**** GIVEN RECORDS ****

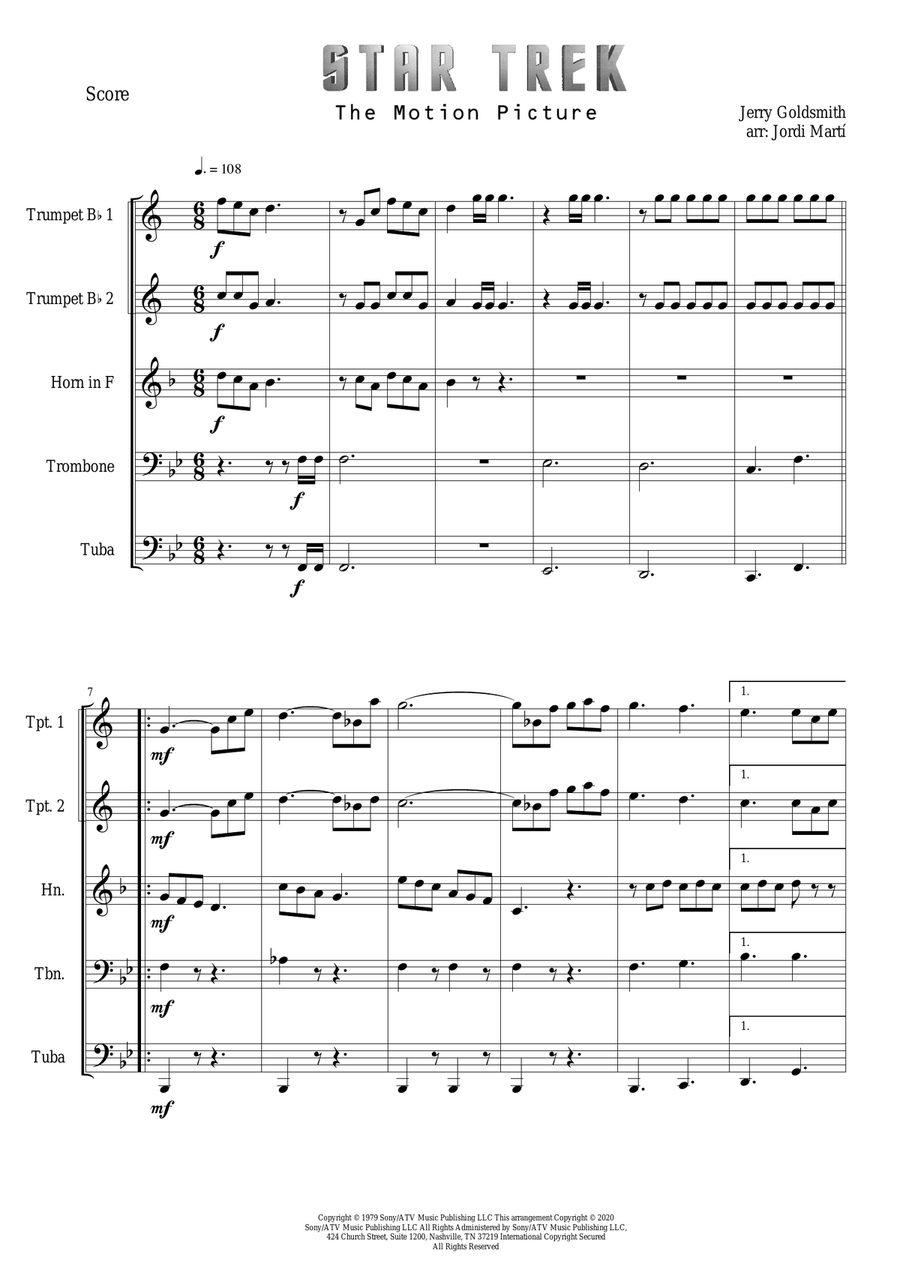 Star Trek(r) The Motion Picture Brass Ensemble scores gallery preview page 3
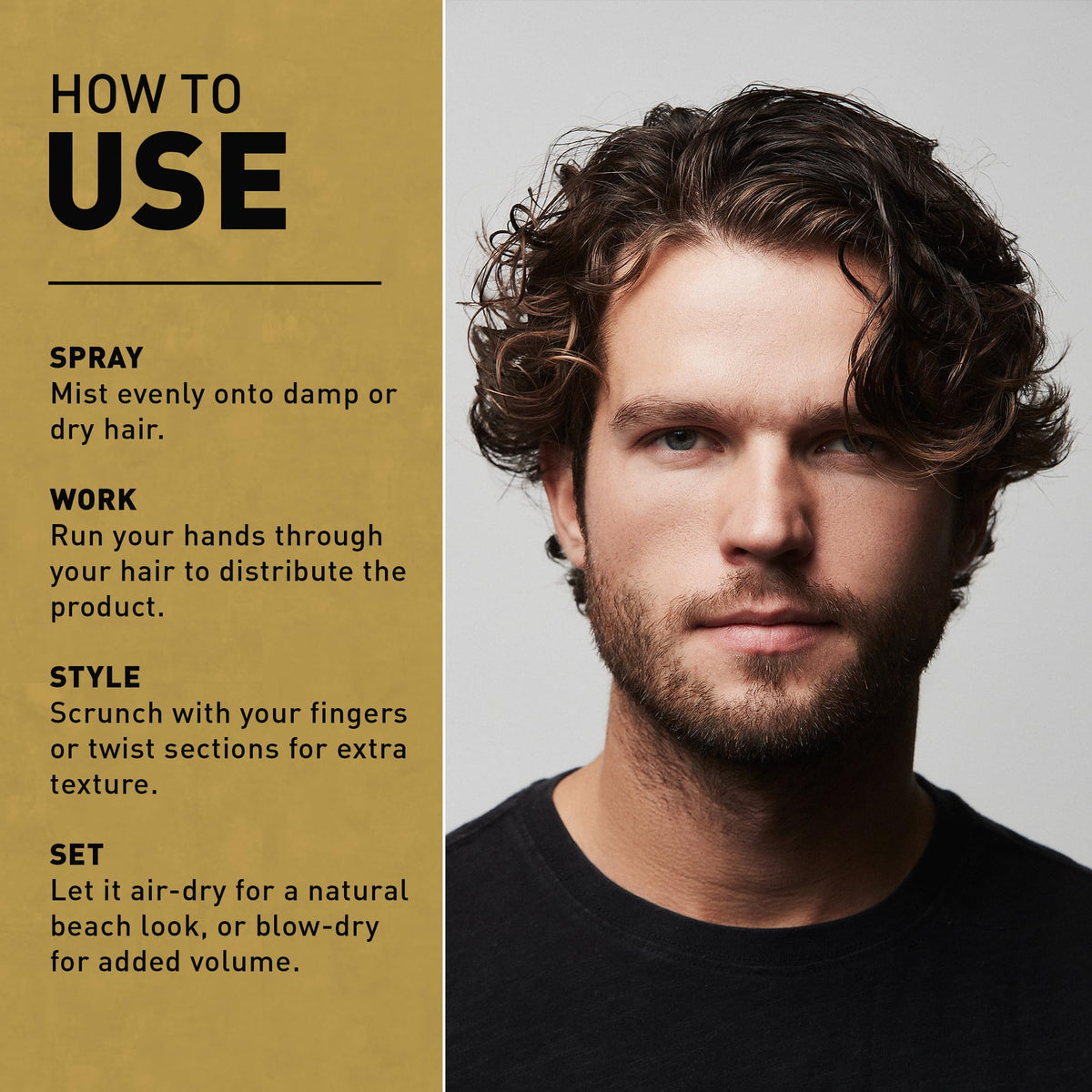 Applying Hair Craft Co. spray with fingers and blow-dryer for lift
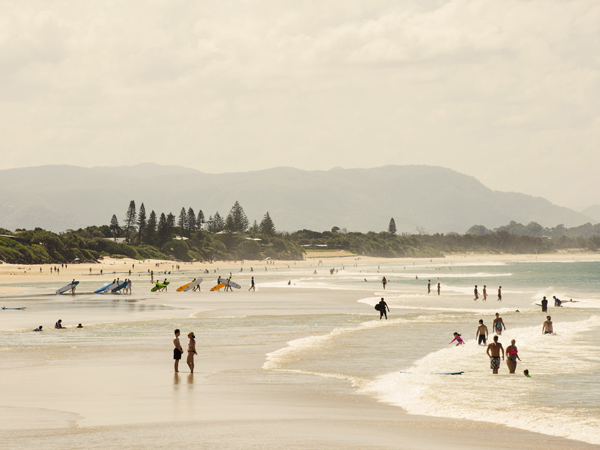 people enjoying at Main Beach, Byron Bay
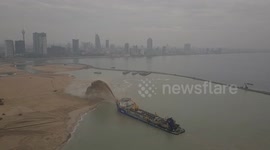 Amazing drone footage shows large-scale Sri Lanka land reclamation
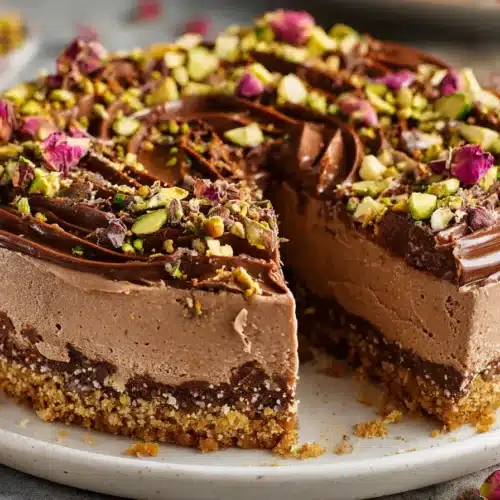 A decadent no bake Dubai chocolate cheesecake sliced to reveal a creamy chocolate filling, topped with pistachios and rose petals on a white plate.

****

▶ YOUR INSTRUCTIONS
Exact copies of the entries above are needed, with every picture removed.

▶ EXPECTED OUTPUT
 Star Trek(r) The Motion Picture Brass Ensemble scores gallery preview page 3
 Applying Hair Craft Co. spray with fingers and blow-dryer for lift
 people enjoying at Main Beach, Byron Bay
 Amazing drone footage shows large-scale Sri Lanka land reclamation
 A decadent no bake Dubai chocolate cheesecake sliced to reveal a creamy chocolate filling, topped with pistachios and rose petals on a white plate.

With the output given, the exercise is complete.